DATA SEGMENT:

-*-*-

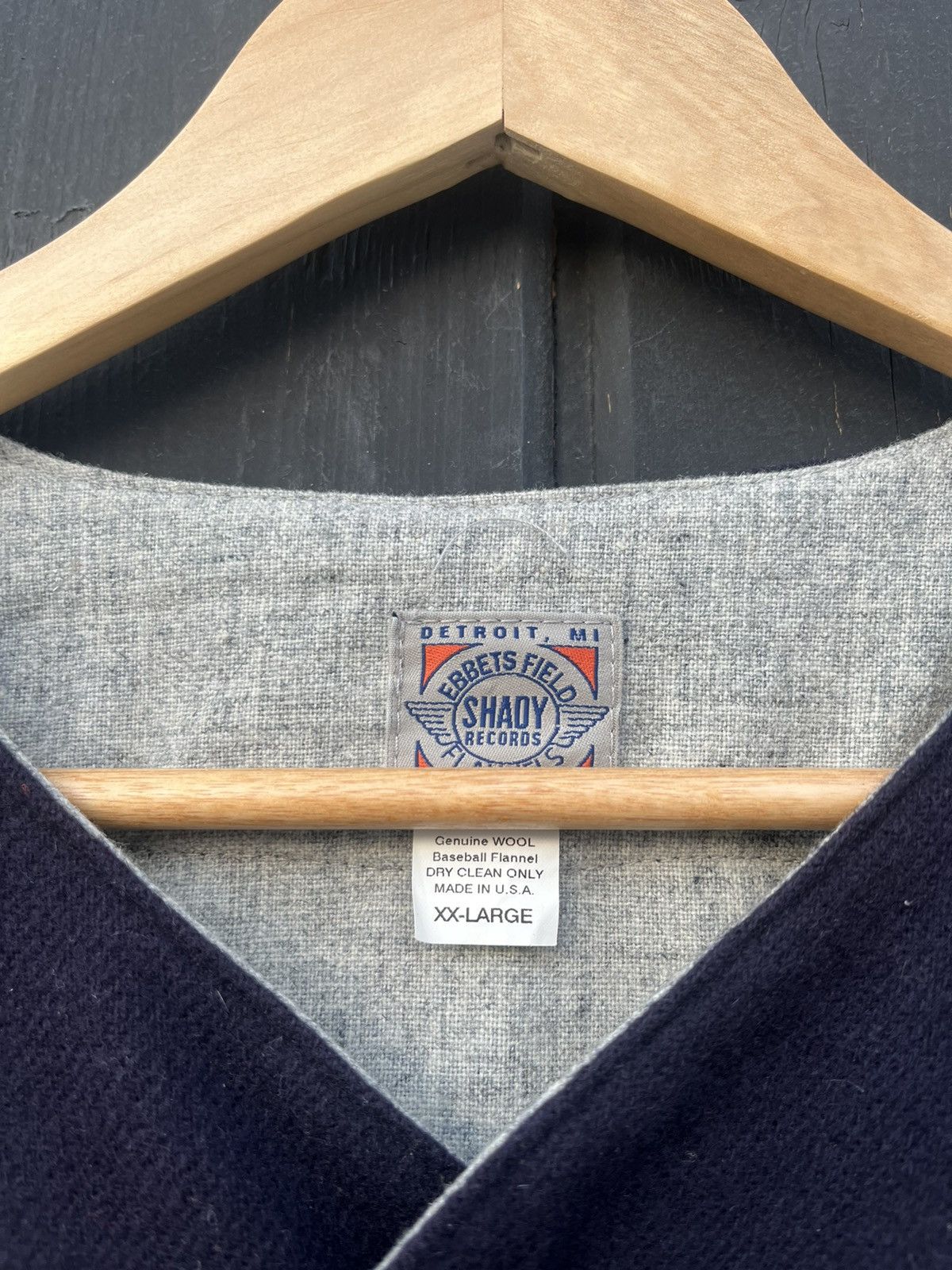 Band Tees × Vintage Vintage 90s Eminem Shady Records Ebbets Field Jersey Size US XXL / EU 58 / 5 - 3 Thumbnail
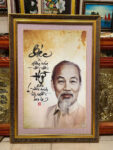 Tranh thư pháp về Bác Hồ – vn27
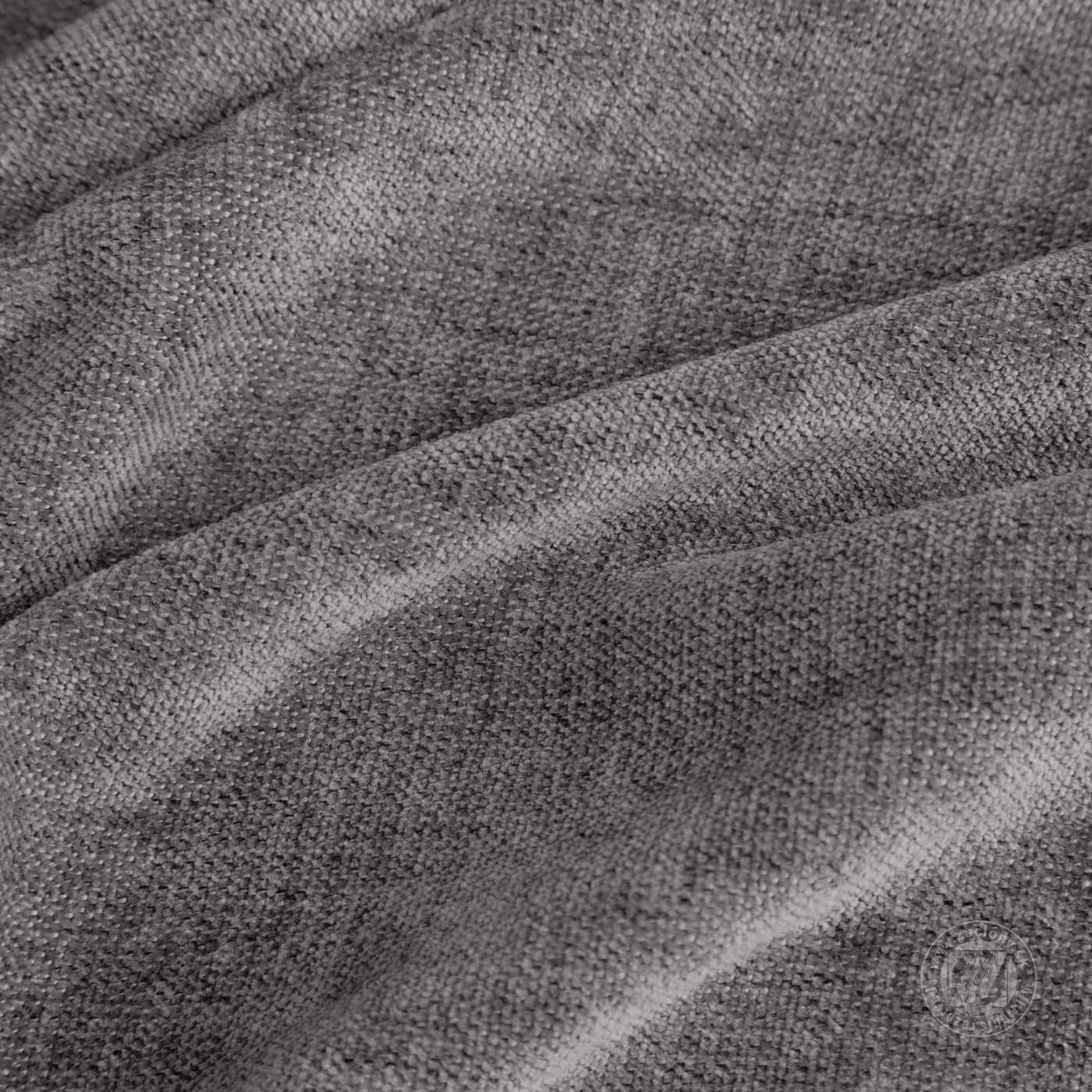 Šenilový záves NATALI 300 cm oceľový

-*-*-

TASK TO COMPLETE: Could the data above be reproduced exactly, with the pictures left out?

TASK SOLUTION:
 Band Tees × Vintage Vintage 90s Eminem Shady Records Ebbets Field Jersey Size US XXL / EU 58 / 5 - 3 Thumbnail
 Tranh thư pháp về Bác Hồ – vn27
 Šenilový záves NATALI 300 cm oceľový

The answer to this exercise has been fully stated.